He looked at her for a long moment. The arena sounds continued their distant hum. Hannah was very aware of the warmth coming off him and the way his eyes were doing that thing — not the grin, not the performance, but the real version of him underneath all of that, the version that still surprised her sometimes with how much it got to her.
"I kept thinking about you," he said. "During the game."
"That seems like a liability."
"Yeah." He didn't sound particularly concerned. "Probably. But every time I got on the ice I was like — she's here. She's actually here."
Hannah's chest did something she didn't have vocabulary for. She looked at a point past his shoulder.
"Garrett—"
"I'm not trying to make it a thing," he said, which was a lie, but a gentle one. "I'm just telling you."
She looked back at him. He was close enough that she could see the specific way his damp hair was doing — the piece that always fell forward no matter what he did with it, the one she'd pushed back approximately a hundred times now. She kept her hands at her sides.
"You play better when I'm not watching," she said. "Statistically. I've been to three games before tonight and you were—"
"I scored twice tonight."
"I was going to say inconsistent—"
"Hannah." He said her name like it was its own sentence. Like it meant something specific. "I play better when you're watching. That's just a fact."
She opened her mouth.
He kissed her.
Not immediately — there was a moment, a full and deliberate moment, where he tilted his head and waited, giving her the opportunity to lean back or turn away or say Garrett, no, and she did none of those things. She did the opposite of all of those things.
She kissed him back.
His hand came off the wall and found her jaw, tilting her face up, and Hannah's hands found the front of his henley without any input from her conscious mind. He kissed the way he did everything when he was actually focused — with his whole attention, nothing held back, and she'd known since the first time that this was going to be a problem. It had been a problem. It continued to be a problem.

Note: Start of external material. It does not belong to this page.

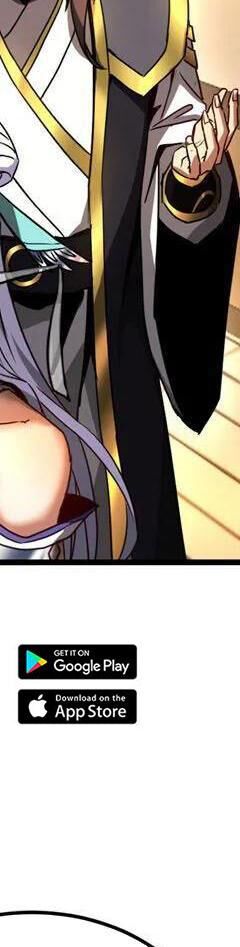 Đệ Tử Tu Luyện Còn Ta Thì Lười Biếng - Chapter 95 - Page 79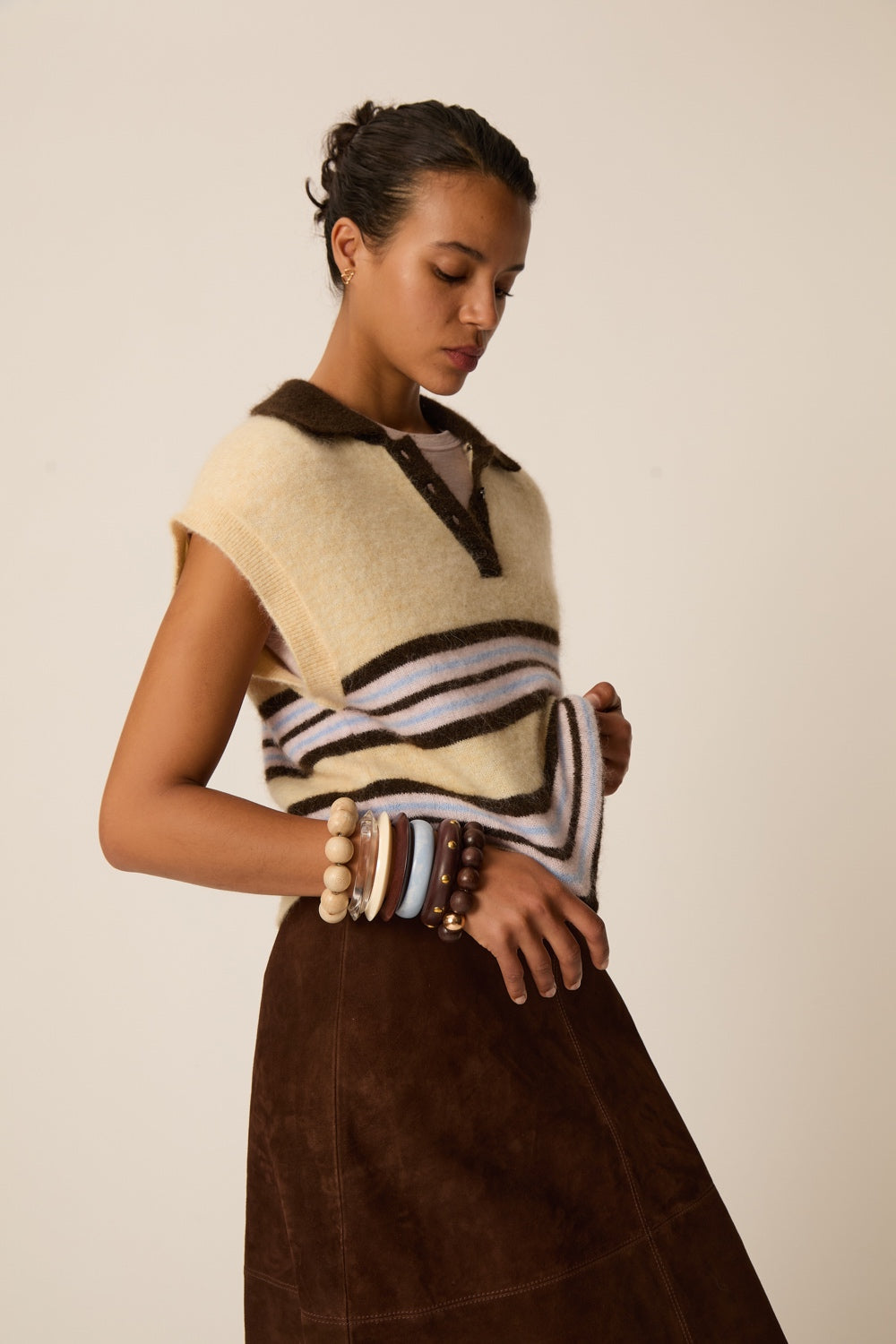 DES PETITS HAUTS-244 BERNI-VANILLE OURSON_05.jpg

She pulled back just enough to breathe.
"You're smug about this," she said against his mouth.
"I'm really not," he said, which was mostly true. His thumb traced along her cheekbone and his voice had gone rough at the edges in a way that she knew meant she'd done something to him, which was only fair because he consistently destroyed her. "I'm really, really not right now."
"You were going to be."
"I was going to be," he admitted. "Later. When I told the guys."
"You're not telling the guys anything."
"Wellsy—"
"Garrett."
He pulled back enough to look at her properly — that look again, the real one, the one she kept finding herself unprepared for no matter how many times she saw it.
"I'm not telling them anything they don't already know," he said. "Logan definitely already knows. Allie absolutely knows. I think the freshman who does the equipment knows."
Hannah closed her eyes briefly. "Oh my God."
"It's fine—"
"It's not fine, Garrett, we agreed—"
"We agreed not to make an announcement." His voice was patient and warm and slightly amused, which she would have objected to more forcefully if his forehead hadn't dropped to hers just then, that specific thing he did that turned her arguments to nothing. "We didn't agree to pretend this wasn't happening."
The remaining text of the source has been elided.